Work instructions => Once the pictures are set aside, transcribe each line of the data exactly.

Source material =>
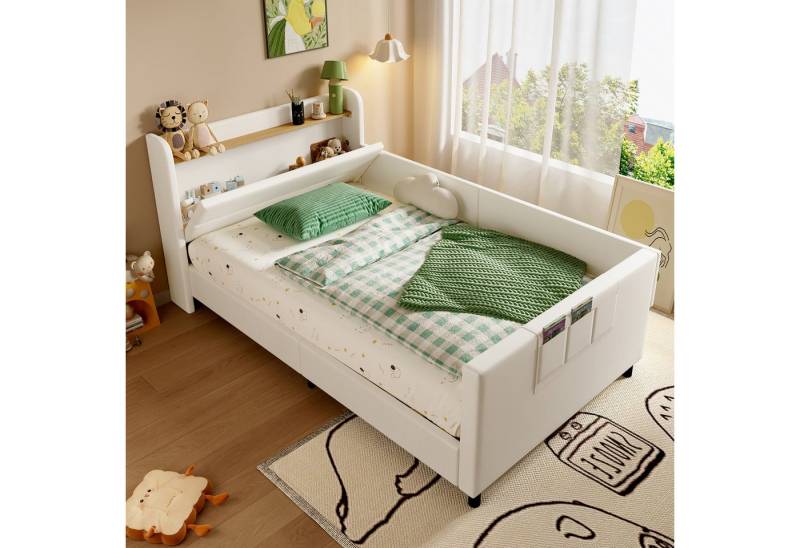 STILVORA Kinderbett 90x200 Polsterbett mit matratze & Stauraum,Schlafsofa mit Bettfunktion (Praktisches Polsterbett-Spleißbett mit Stauraum und erhöhtem Zaunbrett, mit Nachttisch und 3 Aufbewahrungstaschen, mit Metallrahmen, Kombinierbar mit Elternbett 90x200 cm), Mit Matratze von STILVORA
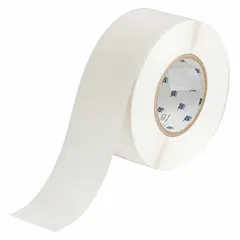 White paper label roll that is inkjet print-receptive and water dissolvable. Measures 2 1/4 in x 300 ft. Compatible with i5100 printer series. Used for temporary identification in applications requiring label removal by water exposure, such as tracking parts through wet processes or wash-off labeling.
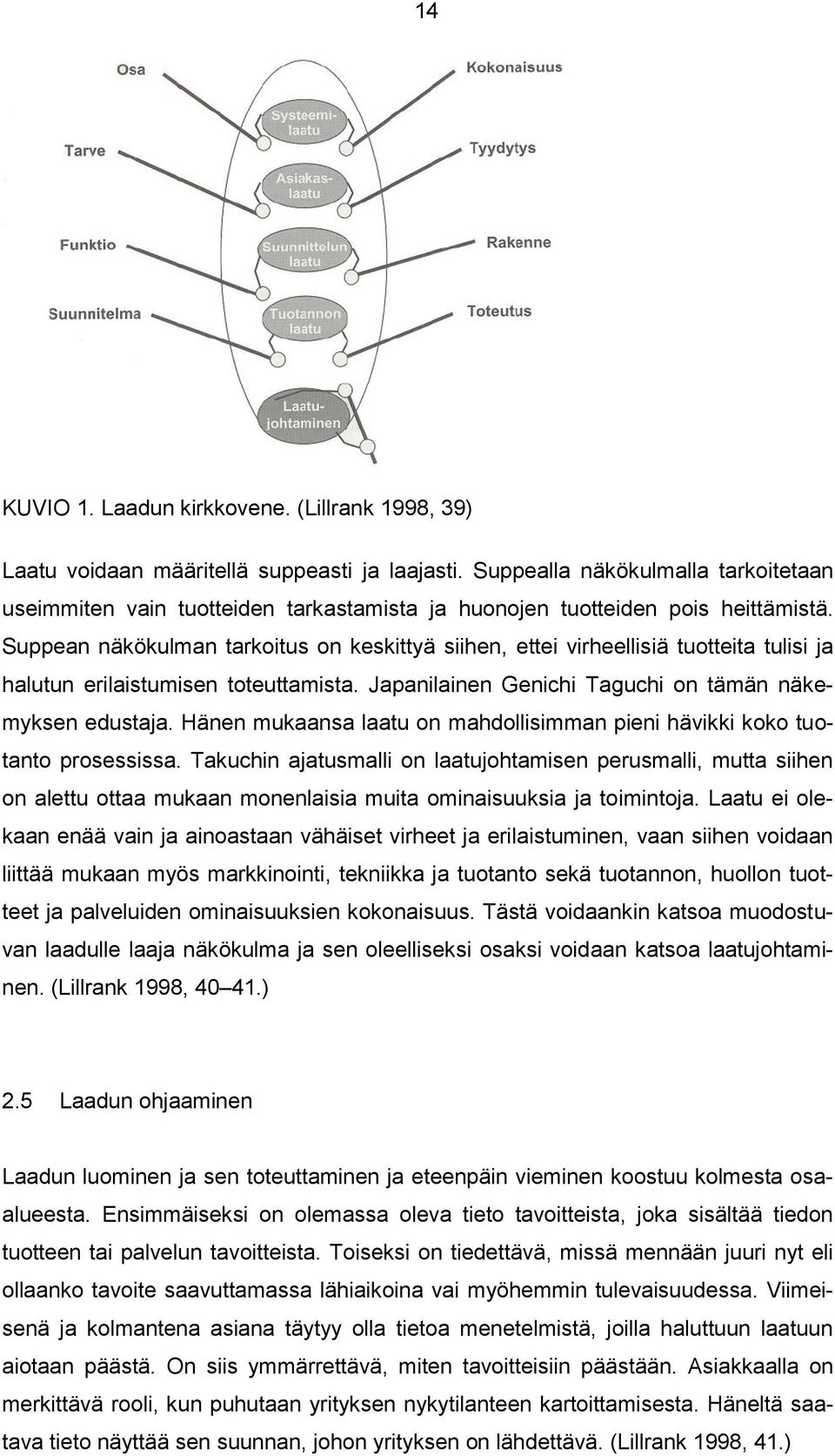 Suppean näkökulman tarkoitus on keskittyä siihen, ettei virheellisiä tuotteita tulisi ja halutun erilaistumisen toteuttamista. Japanilainen Genichi Taguchi on tämän näkemyksen edustaja.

Solution for this exercise =>
 STILVORA Kinderbett 90x200 Polsterbett mit matratze & Stauraum,Schlafsofa mit Bettfunktion (Praktisches Polsterbett-Spleißbett mit Stauraum und erhöhtem Zaunbrett, mit Nachttisch und 3 Aufbewahrungstaschen, mit Metallrahmen, Kombinierbar mit Elternbett 90x200 cm), Mit Matratze von STILVORA
 White paper label roll that is inkjet print-receptive and water dissolvable. Measures 2 1/4 in x 300 ft. Compatible with i5100 printer series. Used for temporary identification in applications requiring label removal by water exposure, such as tracking parts through wet processes or wash-off labeling.
 Suppean näkökulman tarkoitus on keskittyä siihen, ettei virheellisiä tuotteita tulisi ja halutun erilaistumisen toteuttamista. Japanilainen Genichi Taguchi on tämän näkemyksen edustaja.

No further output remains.